**Data records**
>>>

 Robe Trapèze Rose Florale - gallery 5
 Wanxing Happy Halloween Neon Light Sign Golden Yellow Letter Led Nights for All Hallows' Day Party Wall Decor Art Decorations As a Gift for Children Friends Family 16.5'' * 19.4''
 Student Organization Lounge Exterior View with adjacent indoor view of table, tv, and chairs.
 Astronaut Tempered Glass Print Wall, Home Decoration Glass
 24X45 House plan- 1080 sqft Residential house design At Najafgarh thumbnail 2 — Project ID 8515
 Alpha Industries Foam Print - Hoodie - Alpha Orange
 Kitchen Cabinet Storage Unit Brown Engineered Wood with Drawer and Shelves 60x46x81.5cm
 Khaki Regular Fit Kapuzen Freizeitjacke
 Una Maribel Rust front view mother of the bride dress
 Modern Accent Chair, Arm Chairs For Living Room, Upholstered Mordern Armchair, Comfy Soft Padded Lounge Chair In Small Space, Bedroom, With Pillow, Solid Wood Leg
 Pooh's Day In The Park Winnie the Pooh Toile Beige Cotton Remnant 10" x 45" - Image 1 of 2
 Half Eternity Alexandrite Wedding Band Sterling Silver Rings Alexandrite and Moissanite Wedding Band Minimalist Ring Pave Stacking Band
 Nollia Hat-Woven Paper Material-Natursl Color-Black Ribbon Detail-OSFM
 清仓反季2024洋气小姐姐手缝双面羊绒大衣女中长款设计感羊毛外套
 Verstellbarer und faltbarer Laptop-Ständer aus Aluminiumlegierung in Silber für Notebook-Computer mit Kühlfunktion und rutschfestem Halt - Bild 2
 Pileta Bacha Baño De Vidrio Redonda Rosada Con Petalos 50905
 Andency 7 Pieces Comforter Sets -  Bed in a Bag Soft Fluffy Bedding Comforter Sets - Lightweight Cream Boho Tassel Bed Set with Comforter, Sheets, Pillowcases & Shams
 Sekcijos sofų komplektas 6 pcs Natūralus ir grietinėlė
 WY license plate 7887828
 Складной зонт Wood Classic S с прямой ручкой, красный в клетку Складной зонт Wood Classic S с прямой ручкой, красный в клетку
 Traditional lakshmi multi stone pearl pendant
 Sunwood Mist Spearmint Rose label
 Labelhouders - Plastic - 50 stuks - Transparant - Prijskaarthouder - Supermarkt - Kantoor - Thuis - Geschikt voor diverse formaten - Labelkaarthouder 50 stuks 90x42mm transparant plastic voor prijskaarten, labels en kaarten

<<<

**WHAT NEEDS TO BE DONE**
Please show, exactly as written, every line above that contains the word "view".

**SOLUTION**
 Student Organization Lounge Exterior View with adjacent indoor view of table, tv, and chairs.
 Una Maribel Rust front view mother of the bride dress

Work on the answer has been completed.